== Exercise prompt ==
If a line of the data below contains the string "Casa", count it, then state the total alone.

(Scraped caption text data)
Start of Block

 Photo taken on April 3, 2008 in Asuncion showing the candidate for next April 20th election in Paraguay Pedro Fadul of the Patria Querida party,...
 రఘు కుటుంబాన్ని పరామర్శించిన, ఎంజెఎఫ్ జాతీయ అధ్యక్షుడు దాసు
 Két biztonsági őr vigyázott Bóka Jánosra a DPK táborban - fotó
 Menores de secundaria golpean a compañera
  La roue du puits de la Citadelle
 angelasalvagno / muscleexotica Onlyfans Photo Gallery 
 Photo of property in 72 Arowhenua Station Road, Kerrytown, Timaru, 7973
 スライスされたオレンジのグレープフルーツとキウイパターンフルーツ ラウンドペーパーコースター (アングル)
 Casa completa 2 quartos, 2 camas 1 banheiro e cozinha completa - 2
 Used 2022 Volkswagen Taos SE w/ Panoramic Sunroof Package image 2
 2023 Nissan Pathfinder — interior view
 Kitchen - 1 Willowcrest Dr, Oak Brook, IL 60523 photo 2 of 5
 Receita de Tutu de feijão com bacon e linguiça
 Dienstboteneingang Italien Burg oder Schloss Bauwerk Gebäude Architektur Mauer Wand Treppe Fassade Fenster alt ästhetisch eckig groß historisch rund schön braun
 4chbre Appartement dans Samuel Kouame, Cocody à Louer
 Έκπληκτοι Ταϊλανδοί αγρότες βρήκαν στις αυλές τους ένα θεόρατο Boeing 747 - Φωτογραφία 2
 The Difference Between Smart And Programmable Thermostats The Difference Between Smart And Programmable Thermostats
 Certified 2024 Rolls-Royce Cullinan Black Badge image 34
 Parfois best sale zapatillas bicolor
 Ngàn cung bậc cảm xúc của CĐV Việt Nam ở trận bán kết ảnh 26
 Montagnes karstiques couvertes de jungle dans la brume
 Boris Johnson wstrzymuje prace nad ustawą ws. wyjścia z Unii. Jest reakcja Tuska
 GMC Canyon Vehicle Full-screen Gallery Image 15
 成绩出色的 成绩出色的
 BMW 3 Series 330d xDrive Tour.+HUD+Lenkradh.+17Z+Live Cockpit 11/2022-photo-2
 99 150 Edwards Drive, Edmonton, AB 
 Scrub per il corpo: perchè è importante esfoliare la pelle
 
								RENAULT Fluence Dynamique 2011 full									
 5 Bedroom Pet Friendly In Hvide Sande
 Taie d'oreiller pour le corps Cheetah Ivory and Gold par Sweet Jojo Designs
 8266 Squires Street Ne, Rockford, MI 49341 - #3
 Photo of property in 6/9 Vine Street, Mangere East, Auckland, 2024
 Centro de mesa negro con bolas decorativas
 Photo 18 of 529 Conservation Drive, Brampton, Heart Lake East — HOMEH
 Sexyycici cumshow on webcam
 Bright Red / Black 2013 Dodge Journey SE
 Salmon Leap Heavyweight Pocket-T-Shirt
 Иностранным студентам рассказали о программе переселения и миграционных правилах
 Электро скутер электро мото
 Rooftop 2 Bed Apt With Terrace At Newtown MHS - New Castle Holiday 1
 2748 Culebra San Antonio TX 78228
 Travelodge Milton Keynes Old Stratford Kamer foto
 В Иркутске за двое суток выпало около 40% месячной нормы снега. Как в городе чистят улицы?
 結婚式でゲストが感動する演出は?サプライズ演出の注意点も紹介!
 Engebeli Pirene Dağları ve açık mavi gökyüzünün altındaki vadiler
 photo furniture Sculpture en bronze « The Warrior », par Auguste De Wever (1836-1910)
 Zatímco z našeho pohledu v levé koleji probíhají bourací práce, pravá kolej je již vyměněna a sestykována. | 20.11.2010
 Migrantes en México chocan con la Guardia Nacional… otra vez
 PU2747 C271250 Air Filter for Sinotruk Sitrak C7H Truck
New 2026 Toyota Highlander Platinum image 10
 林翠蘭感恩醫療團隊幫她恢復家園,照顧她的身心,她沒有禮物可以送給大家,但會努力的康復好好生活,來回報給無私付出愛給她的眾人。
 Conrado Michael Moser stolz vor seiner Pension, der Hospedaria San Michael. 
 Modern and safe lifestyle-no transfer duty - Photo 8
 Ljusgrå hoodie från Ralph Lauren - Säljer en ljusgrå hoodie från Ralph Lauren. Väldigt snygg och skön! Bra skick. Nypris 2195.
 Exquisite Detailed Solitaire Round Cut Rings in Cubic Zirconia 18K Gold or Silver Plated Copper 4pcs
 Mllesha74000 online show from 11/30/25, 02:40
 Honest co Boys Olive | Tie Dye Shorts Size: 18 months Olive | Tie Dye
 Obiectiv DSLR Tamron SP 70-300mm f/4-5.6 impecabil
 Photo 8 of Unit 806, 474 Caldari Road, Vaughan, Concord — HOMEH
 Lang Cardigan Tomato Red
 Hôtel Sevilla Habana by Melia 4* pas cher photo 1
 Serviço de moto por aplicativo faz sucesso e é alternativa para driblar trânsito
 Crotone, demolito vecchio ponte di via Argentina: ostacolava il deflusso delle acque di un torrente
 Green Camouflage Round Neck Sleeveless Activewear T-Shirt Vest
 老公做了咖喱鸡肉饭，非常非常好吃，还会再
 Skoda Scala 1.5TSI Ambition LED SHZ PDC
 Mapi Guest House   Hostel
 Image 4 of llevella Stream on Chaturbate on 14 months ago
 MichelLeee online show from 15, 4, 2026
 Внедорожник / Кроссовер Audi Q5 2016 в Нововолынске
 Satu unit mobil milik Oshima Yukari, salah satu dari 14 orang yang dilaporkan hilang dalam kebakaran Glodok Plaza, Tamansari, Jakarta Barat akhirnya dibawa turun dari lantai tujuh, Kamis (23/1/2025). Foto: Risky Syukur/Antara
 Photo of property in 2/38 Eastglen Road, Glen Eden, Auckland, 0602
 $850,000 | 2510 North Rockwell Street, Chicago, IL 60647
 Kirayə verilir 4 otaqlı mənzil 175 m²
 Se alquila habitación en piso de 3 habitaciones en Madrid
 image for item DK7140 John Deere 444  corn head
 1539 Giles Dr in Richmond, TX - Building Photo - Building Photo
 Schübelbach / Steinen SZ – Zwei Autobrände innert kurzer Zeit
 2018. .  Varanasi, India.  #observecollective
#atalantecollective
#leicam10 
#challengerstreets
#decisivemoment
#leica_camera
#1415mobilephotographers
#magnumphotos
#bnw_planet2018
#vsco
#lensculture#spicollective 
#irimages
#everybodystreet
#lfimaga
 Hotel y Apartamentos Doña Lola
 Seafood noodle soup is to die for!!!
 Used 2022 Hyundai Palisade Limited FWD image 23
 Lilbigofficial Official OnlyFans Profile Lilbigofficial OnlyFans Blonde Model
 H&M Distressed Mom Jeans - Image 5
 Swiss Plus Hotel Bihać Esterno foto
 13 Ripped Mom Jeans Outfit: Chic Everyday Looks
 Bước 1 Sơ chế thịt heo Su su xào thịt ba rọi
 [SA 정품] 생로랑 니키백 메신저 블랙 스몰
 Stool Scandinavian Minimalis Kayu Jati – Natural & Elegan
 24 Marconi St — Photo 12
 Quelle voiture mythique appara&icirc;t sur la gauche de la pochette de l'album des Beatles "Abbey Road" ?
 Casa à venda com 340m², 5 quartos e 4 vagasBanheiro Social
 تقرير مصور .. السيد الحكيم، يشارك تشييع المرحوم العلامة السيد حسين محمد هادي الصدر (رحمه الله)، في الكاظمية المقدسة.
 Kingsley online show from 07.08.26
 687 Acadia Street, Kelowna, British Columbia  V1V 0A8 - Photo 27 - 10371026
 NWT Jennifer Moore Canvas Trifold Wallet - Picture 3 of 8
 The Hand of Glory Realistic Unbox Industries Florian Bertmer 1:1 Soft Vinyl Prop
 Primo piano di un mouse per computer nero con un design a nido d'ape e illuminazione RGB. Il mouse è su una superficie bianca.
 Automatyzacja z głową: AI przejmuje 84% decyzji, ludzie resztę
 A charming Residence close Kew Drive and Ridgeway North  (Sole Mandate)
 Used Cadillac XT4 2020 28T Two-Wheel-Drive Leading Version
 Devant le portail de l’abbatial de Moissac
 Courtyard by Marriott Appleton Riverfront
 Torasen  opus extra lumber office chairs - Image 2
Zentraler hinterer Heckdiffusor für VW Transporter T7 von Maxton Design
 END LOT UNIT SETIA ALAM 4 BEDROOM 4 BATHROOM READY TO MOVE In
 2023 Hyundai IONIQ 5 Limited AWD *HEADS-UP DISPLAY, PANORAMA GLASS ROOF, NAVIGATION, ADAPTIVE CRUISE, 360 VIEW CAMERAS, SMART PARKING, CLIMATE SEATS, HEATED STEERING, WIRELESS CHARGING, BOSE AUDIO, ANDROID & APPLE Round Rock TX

End of Block

== Written response ==
2